Treatment with JEMPERLI should be permanently discontinued for any Grade 3 immune-related adverse reaction that recurs and for any Grade 4 immune-related adverse reaction toxicity, except for endocrinopathies that are controlled with replacement hormones and unless otherwise specified in the Summary of Product Characteristics (SmPC).

Immune-Related Pneumonitis
Pneumonitis has been reported in patients receiving JEMPERLI. Patients should be monitored for signs and symptoms of pneumonitis. Suspected pneumonitis should be confirmed with radiographic imaging and other causes excluded. Patients should be managed with JEMPERLI treatment modifications and corticosteroids.

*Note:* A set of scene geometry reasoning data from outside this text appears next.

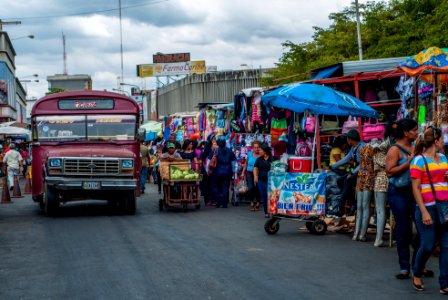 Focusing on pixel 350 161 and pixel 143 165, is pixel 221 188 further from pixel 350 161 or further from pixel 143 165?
pixel 350 161

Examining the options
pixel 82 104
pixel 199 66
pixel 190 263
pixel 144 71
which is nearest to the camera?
pixel 190 263

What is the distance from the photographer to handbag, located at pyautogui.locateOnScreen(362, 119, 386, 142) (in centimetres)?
1631

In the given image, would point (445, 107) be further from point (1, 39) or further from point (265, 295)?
point (1, 39)

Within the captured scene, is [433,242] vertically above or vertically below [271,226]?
above

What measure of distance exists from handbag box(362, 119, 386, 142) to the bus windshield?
5897 mm

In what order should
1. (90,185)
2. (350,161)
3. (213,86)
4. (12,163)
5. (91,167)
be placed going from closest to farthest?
1. (350,161)
2. (90,185)
3. (91,167)
4. (12,163)
5. (213,86)

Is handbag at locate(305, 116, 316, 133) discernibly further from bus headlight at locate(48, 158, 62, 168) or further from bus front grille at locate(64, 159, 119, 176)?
bus headlight at locate(48, 158, 62, 168)

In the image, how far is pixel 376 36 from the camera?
120ft

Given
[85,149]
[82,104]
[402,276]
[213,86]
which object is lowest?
[402,276]

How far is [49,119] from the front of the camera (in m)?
19.4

Immune-related pneumonitis occurred in 7 (1.4%) of 515 patients, including Grade 2 (1.2%) and Grade 3 (0.2%) pneumonitis. Pneumonitis led to discontinuation of JEMPERLI in 3 (0.6%) patients. Systemic corticosteroids (prednisone ≥ 40 mg per day or equivalent) were required in all 7 patients experiencing pneumonitis. Pneumonitis resolved in 6 (85.7%) patients.

Immune-Related Colitis
JEMPERLI can cause immune-related colitis. Patients should be monitored for signs and symptoms of colitis and managed with treatment modifications, anti-diarrhoeal agents and corticosteroids.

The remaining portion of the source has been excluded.